To cut to the chase ... Rossi's claim for supplying a massive amount of
steam to a customer in an adjoining space (which no one from IH was
allowed to visit) could be instantly validated if there was indeed a
real customer using the steam.
If there was no customer, and the steam was not being used for a real
manufacturing process, then we have fraud - no matter how much reputed
steam was being supplied.
This is the issue of fact to be determined by a jury, or by the judge if
Rossi cannot present a prima facie case that there really was a real
customer using steam to manufacture a product. It's really pretty
simple, no?
Was there a customer using the steam or not?
Legal definition of Fraud - A false representation of a matter of
fact—whether by words or by conduct, by false or misleading allegations,
or by concealment of what should have been disclosed—that deceives and
is intended to deceive another so that the individual will act upon it
to her or his legal injury.
Brian Ahern wrote:
Yesterday I corrected the Rossi calculations. I failed to note the
water was above 100C with no pressure to keep it in the liquid phase.

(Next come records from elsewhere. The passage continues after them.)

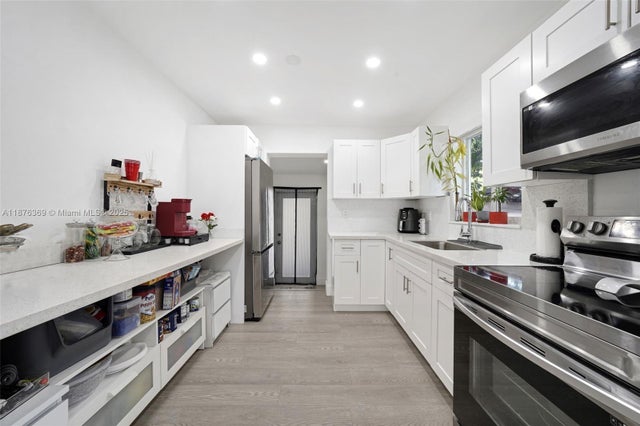 3 of 44 - 6404 Meade St, Hollywood, FL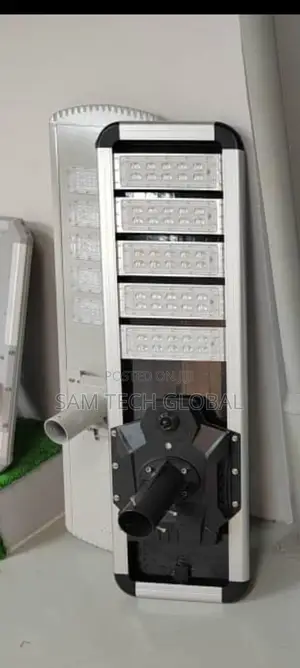 Smart Prismatic Solar Street Light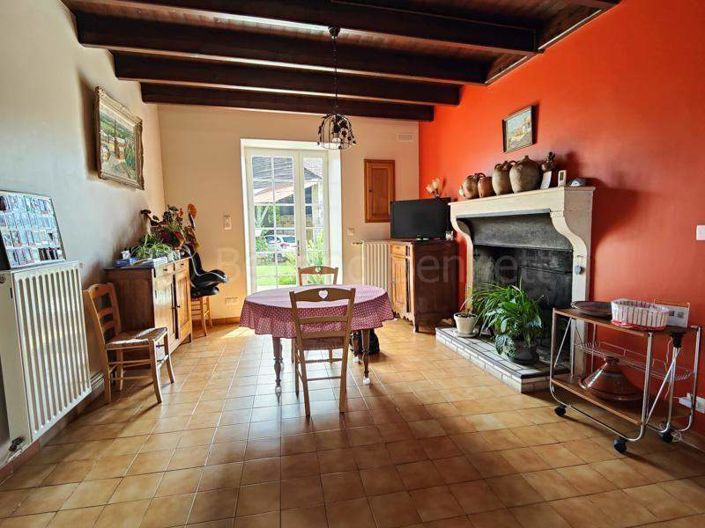 Image No.3-4 Bed House for sale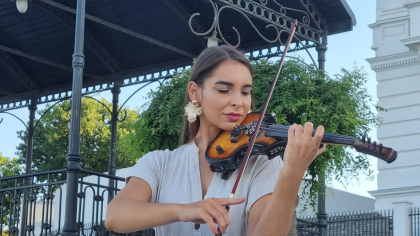 Povestea fetei cu vioara de la Cazinou: „Am văzut marea doar de pe faleză“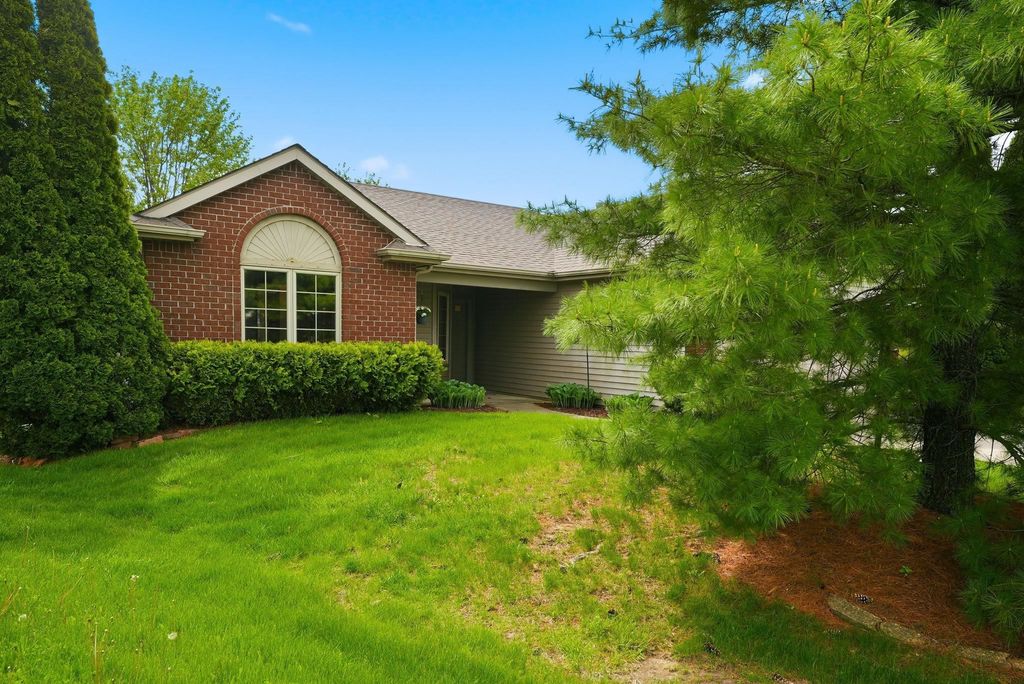 Photo of 12412 Stoneboro Court, Fort Wayne, IN 46845 (MLS # 202615398)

The metering device cannot function with a compressible fluid. It will
always measure higher values than measuring it as a single liquid
phase at the input.
Measuring the flow beyond the heating stage is OK if the output
temperature is below 100C. Allowing the temperature to exceed 100C
is a surfire way to get inflated flow measurements.
Rossi was warned about involving two phase fluid flow. He did it
anyway because it is so easy the provide inflated values.
I agree with Jed that this was the most ambiguous method possible.
Use the minimum power to get to 103 C and have your flow meters
operate in a two phase mode that is guaranteed to over report flow
rates due to the increased compressibility.
Once again he selected the most ambiguous method .
------------------------------------------------------------------------
*From:* bobcook39...@gmail.com <bobcook39...@gmail.com>
*Sent:* Wednesday, February 1, 2017 8:27 PM
*To:* Jed Rothwell; Vortex
*Subject:* RE: [Vo]:I calculated his power output from his own data.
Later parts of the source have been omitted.